Size Matters // By Kim Goodman

To begin, I was a bit unsure whether or not to write this post. I thought that it might come across as being a bit over the top and just a bit of a rant but, I decided to give it a go and share one of my absolute pet hates when it comes to buying outdoor clothing.

I view the outdoor clothing that I need for work as an investment. Yes, some of these items tend to be a bit pricey, but I try to buy kit that will stand the tests of time and is fit for its purpose. My problem is the sizing and styling of women’s clothes.

I am a curvy size 16. That’s my shape and size, and I’m fine with it. What I’m not fine with is how some companies seem to produce clothes without understanding that women come in ALL shapes and sizes. My reason for this post is the result of my experience when I went to buy a new waterproof coat.

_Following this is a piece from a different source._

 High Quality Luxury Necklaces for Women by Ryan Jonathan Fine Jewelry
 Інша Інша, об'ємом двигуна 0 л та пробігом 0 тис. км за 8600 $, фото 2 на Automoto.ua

Living and working in Wales, a good, solid, functional waterproof coat is an essential piece of kit.

A Wasted Afternoon

At my local specialist outdoor shop I enlisted some help and advice from the shop assistant to get the best possible piece of kit needed. The first one in my size would not even zip up. I was able to put the zip together, but that was as far as it went. The second one zipped up, but only up just under my chest area. (Not a good idea, or a good look, for a waterproof coat). Off came this one and, knowing that this was fast becoming the usual routine, I started to get slightly dismayed.

For my next attempt, I decided to go up a size, I just wanted a coat to keep me warm and dry. Guess what? The next coat – a size 18 – wouldn’t zip up either. I knew I couldn’t possibly have put on that much weight on as my old cosy (if worn out) coat, which I had on in the shop at the time, is a size 16 along with all of my other usual clothes. After trying on 6 different coats, each with similar problems, the friendly shop assistant suggested that I try on some men’s jackets! I HAD to be polite, it clearly isn’t her fault, but inside my head an angry voice was shouting, “Are you having a laugh”! I don’t know what I was hoping for but, come on, is wearing men’s clothing the only solution!

Size 16 is my shape and size and I’m fine with it. I just wanted a coat to keep me warm and dry.

The problem with having to buy men’s jackets, if you’re a woman, is that they’re simply not designed for women. The length in the arm is longer. The shape of the hip area is generally bigger in mens jackets, which leads to a baggy and puffy look. While functionality is acheived, feminity is obviously clearly not present. Overall, many women find themselves compromising in so many requirements, just to buy an essential piece of kit that, let’s be honest, is going to cost a fair bit of money.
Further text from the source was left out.